I’ll confess, I had some seriously juvenile moments with Blogette, and aggravating Steve Schmidt was exhilarating at times. We weren’t above easy little revenges. Bucking against his tyrannical control was fun—and Shannon and Heather and I reveled in our misdeeds.
We put up crappy pictures of people and journalists we didn’t like on the site, knowing how pissed off they’d be. One time Mark Salter, who is my dad’s alter ego and speechwriter, and coauthor of his books, fell asleep on the campaign plane and we put plastic cockroaches and plastic bugs all over his arms and shoulders and took pictures of him. If you have ever met Mark you know how seriously he can take himself—and you would know how
he’d be with being photographed covered in plastic bugs, which is probably why it became such a popular picture that generated lots of feedback and comments. And it’s probably why his sister found it so funny.

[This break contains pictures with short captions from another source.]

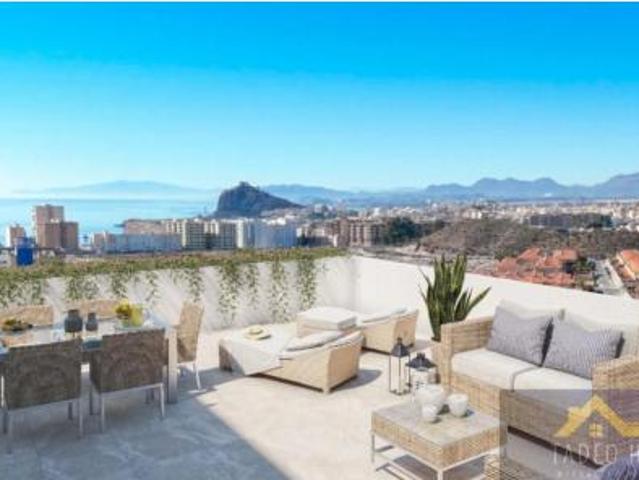 Apartamento Venta Águilas, El Hornillo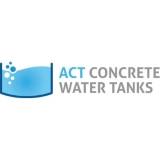 ACT Concrete Water Tanks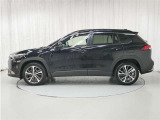 カローラクロス 1.8 ハイブリッド Z E-Four 4WD 
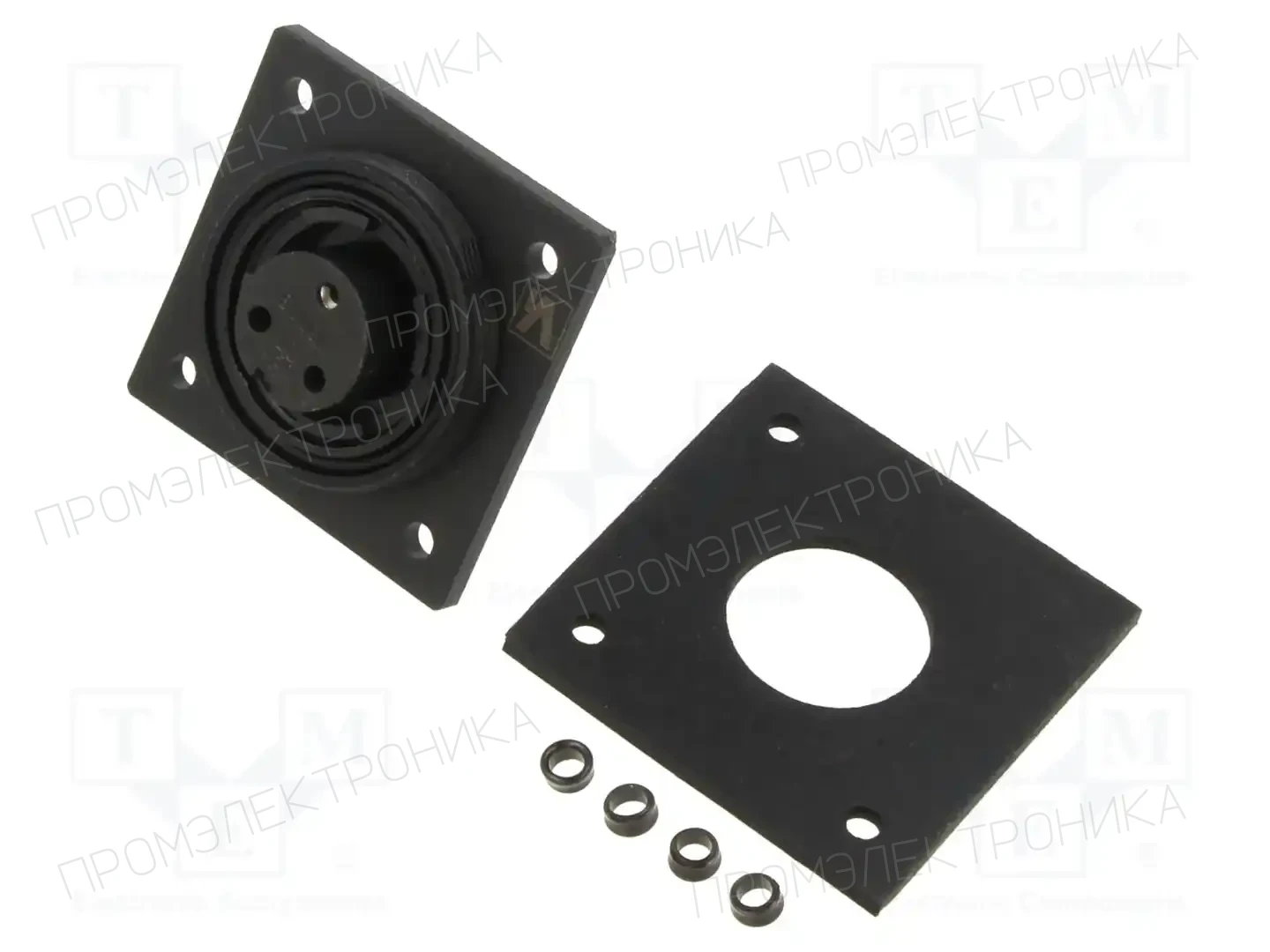 BULGIN PXV0765/S — Разъeмы PX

Looking back on our antics, and our little power plays with the blog, they were pretty innocuous. And our successes were small ones too. At the time, I was thrilled those first months as my audience rose to one thousand hits per day, and later stunned when it rose to ten thousand—and the next year, as high as eighty thousand in a day. I had never really generated much attention in my life, except for the love and support and applause my parents always gave me. So to me, this was the big time. Compared to a healthy website or blog today, our following was meager. And compared to the creative stuff that Hillary Clinton and Barack Obama’s web teams were up to, my efforts seem amateurish and small-time.
I had bigger dreams for the blog—and began to see ways, almost immediately, that we could draw more hits—but I didn’t have the money to do much PR or to update throughout the day, which I had learned is how you keep people following you. In the end, I’m not sure Blogette lived up to my dreams for it, but I tried, and kept trying. I cared so much.

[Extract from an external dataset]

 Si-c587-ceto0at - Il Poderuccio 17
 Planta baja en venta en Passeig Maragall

Hindsight is 20/20, the old expression goes, but I do wonder how much more we could have done, and how many more young voters we could have reached, if our Internet operations had been more effective across the board. The conventional wisdom at the time, especially within the Republican establishment, was that chasing young voters too diligently was a waste of time and money. Young voters were supposed to be a lousy bet, fickle and almost impossible to get into the voting booth. They might be passionate during rallies, but come election day, they would have moved on to a new interest, another candidate—or have bought a new iPod and forgotten about the election completely.